• [What the task requires]
Using only the entries below, copy exactly the lines that begin at the one with "2. A fee paid" and end at the one with "What we're going", both included. Drop the pictures.

• [Information]
--

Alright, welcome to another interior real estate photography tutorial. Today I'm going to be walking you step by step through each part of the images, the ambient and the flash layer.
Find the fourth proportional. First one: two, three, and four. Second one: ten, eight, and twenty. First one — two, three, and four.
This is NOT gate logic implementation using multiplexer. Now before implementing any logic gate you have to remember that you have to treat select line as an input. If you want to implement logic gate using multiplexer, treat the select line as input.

--

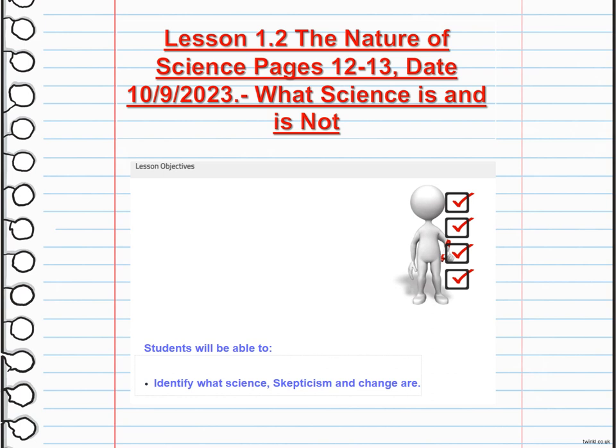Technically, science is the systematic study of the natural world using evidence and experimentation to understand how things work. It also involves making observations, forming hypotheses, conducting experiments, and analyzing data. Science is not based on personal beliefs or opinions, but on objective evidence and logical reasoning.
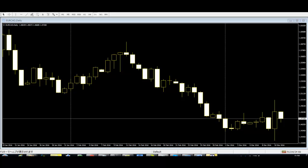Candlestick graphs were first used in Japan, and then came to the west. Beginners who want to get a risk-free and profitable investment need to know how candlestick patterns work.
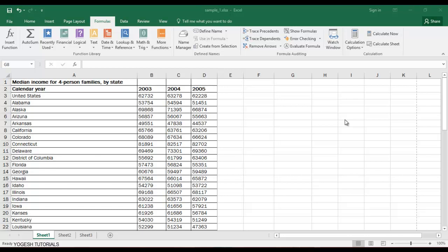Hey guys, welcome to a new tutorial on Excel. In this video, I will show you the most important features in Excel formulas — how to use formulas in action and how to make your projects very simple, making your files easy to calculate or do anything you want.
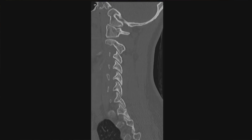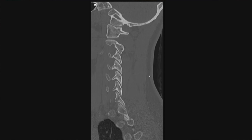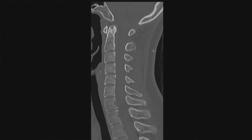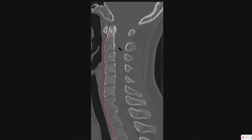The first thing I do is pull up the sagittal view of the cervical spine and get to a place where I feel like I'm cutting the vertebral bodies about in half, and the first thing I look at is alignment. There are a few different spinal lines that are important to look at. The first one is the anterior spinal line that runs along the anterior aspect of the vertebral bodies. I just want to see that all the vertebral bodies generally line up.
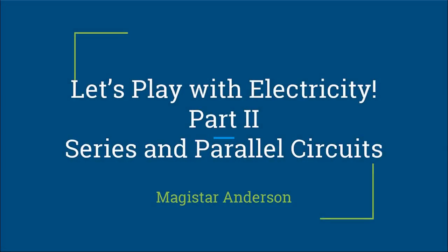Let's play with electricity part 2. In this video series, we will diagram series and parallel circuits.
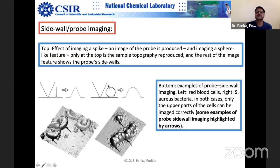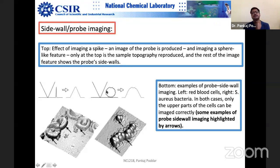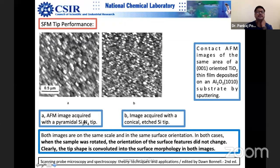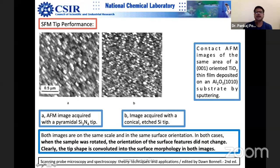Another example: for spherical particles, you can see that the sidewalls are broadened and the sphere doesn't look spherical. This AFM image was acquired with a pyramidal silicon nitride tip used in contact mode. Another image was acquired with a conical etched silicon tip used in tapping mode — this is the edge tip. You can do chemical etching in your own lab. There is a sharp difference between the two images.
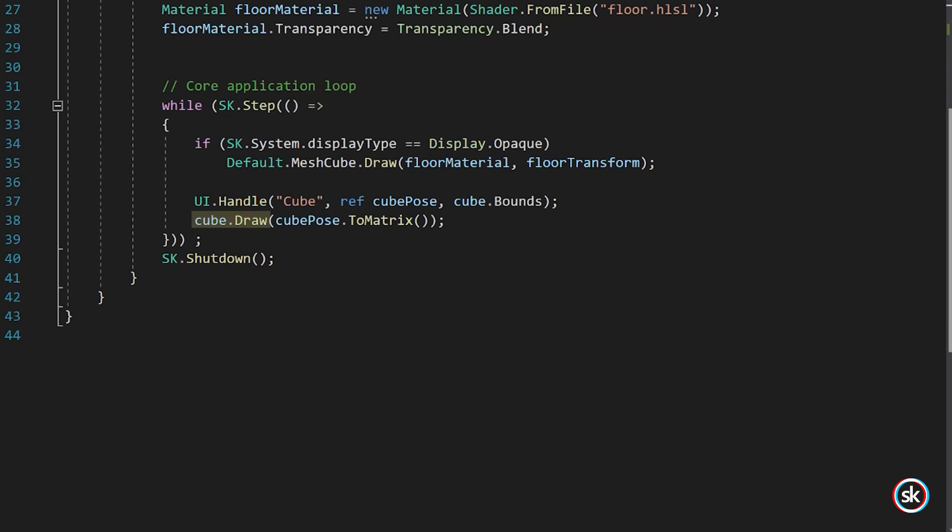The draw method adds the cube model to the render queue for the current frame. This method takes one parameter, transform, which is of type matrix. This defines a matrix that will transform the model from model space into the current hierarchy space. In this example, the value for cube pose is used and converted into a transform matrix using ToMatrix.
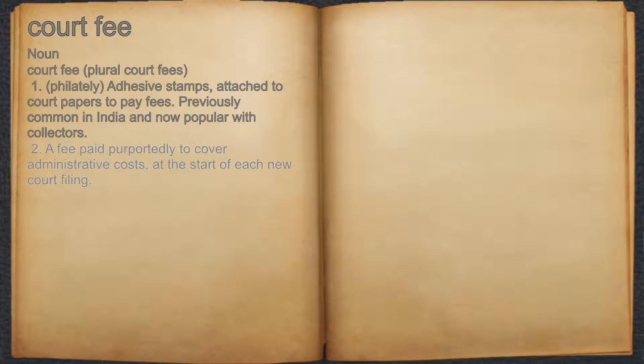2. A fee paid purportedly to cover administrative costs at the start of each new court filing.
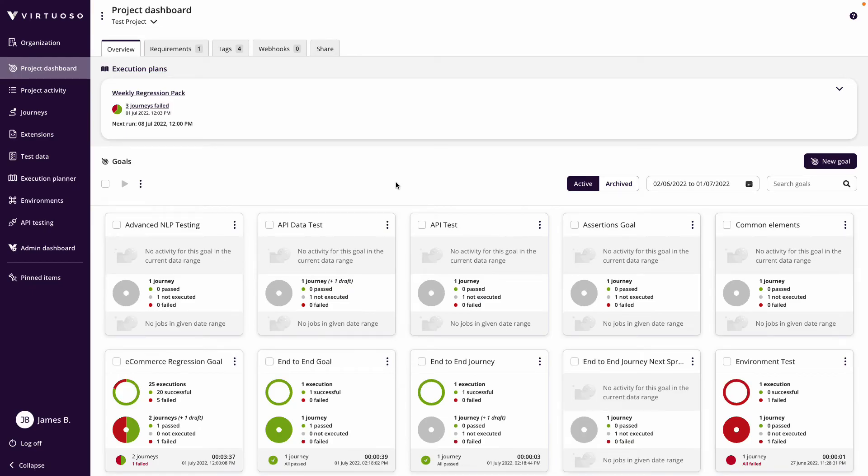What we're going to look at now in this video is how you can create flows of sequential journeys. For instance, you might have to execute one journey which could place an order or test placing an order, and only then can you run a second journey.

--

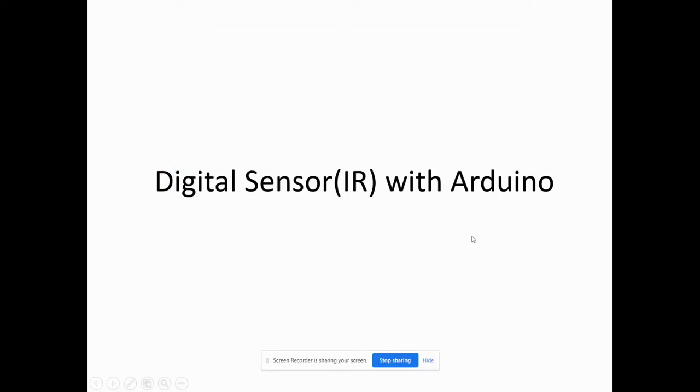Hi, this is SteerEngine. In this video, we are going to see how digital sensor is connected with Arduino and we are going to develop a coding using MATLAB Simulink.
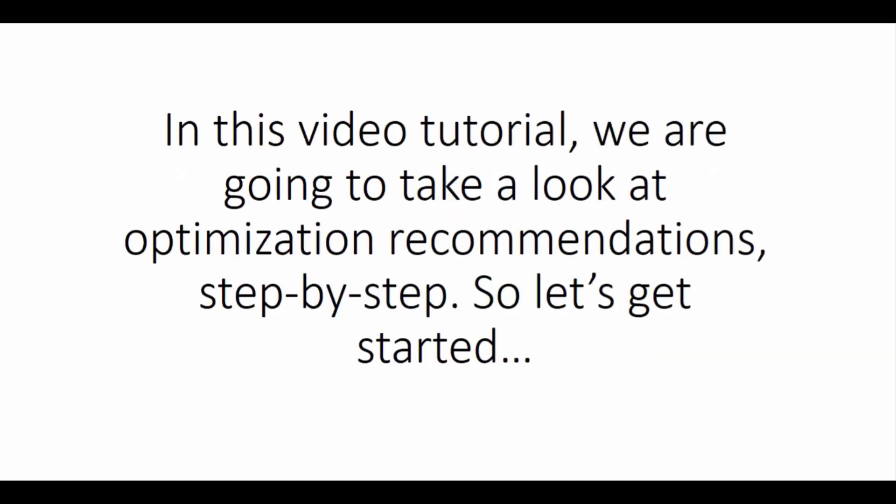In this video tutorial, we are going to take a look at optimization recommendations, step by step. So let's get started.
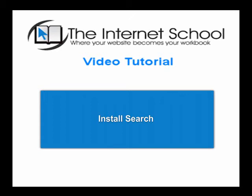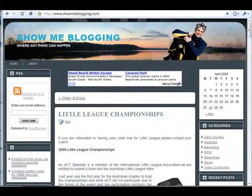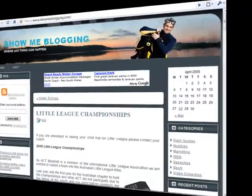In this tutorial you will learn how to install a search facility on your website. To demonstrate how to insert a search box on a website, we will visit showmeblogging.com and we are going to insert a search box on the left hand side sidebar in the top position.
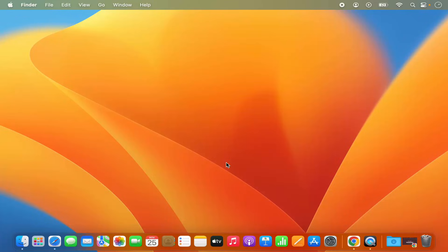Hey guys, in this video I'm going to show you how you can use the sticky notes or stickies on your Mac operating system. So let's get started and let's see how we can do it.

--

• [Answer to the problem]
2. A fee paid purportedly to cover administrative costs at the start of each new court filing.
What we're going to look at now in this video is how you can create flows of sequential journeys. For instance, you might have to execute one journey which could place an order or test placing an order, and only then can you run a second journey.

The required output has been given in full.